Actually I do have one big issue with the article:
If there’s one behavior of your application that you should focus on eliminating, it’s the behavior of crashing. Above all other “nuisances,” this is the one that is absolutely unacceptable.
But preserving someone’s data is more important then crashing. Having to rewrite your paper because your PC devoured it is worse then crashing. Crashing may be the worst “nuisance”, but there are more important bugs to squash first. However that is a topic for another time — we all agree that crashes are a problem should be fixed.
Although Daniel shows how to synthesize debugging symbols from hex-address, I think it’s worth considering leaving debugging symbols in your shipping app.
The reasons for [building applications without debugging symbols] are mostly to keep the shipping application as small as possible, but there are also some good reasons to hide the symbols if they reveal too much about your business strategy.

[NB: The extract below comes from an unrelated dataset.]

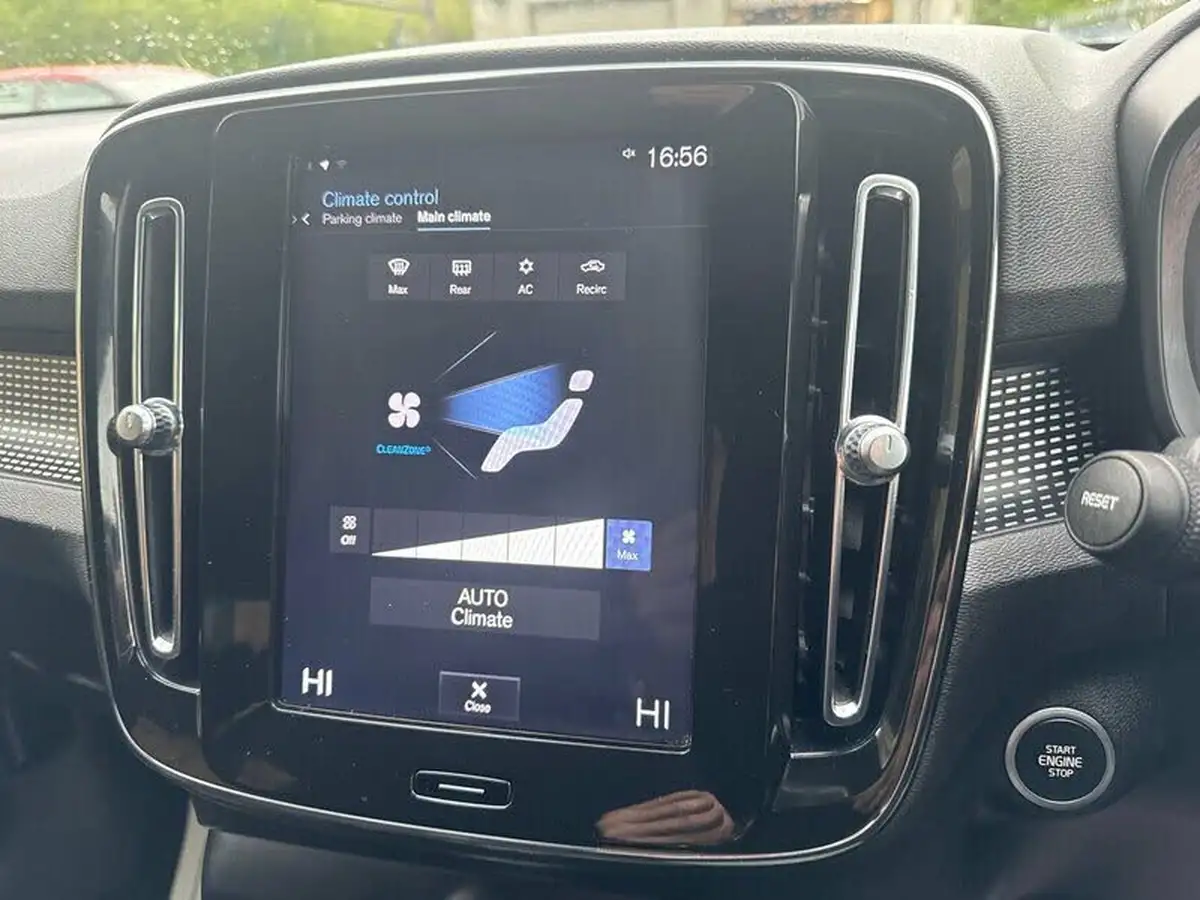 2020-volvo-xc40-15-t3-r-design-big-22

I can’t say anything about your business strategies, but removing information that can help you diagnose problems “in the field” seems like a very bad trade-off for slightly smaller files.
Hard-drives cost about $0.30 per gigabyte (GB), and the price is still falling fast*. Because the GB is the unit hard-disks are sold by, I am going to use it instead of MB or KB; I think it puts file-sizes into the right perspective.

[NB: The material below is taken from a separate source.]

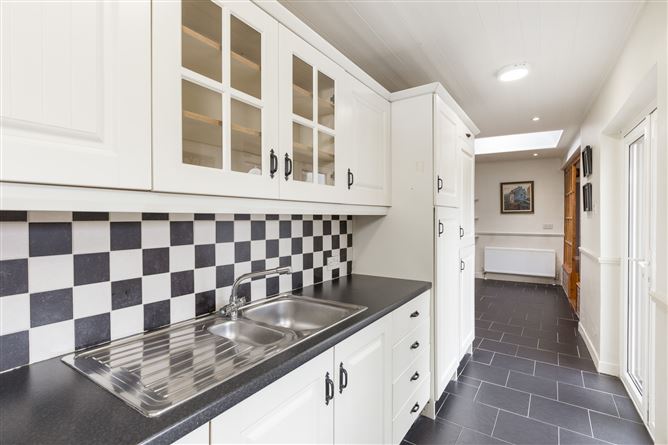 13 O'Connell Avenue, St Johns Road, Wexford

Today’s applications are “big”, for a very good reason. That article says it better then I can, but the gist of it is that megabytes are cheaper then air and bigger programs can do more, making them more useful (the cost of a GB of storage space has fallen over 20 fold since the article was written, by the way).
The largest program I use every day that was built with debugging symbols on is EyeTV. It weighs in under 0.11 GB, and I don’t consider that “bloated”, because I get good value for my 3 cents of disk-space. Stripping debugging symbols with
strip makes it 0.0076 GB smaller. That translates into $0.002 worth of hard disk, that could store 13.7 seconds of TV . And that is insignificant. A few thousandths of a GB make little difference, and that’s all stripping debugging symbols will get you.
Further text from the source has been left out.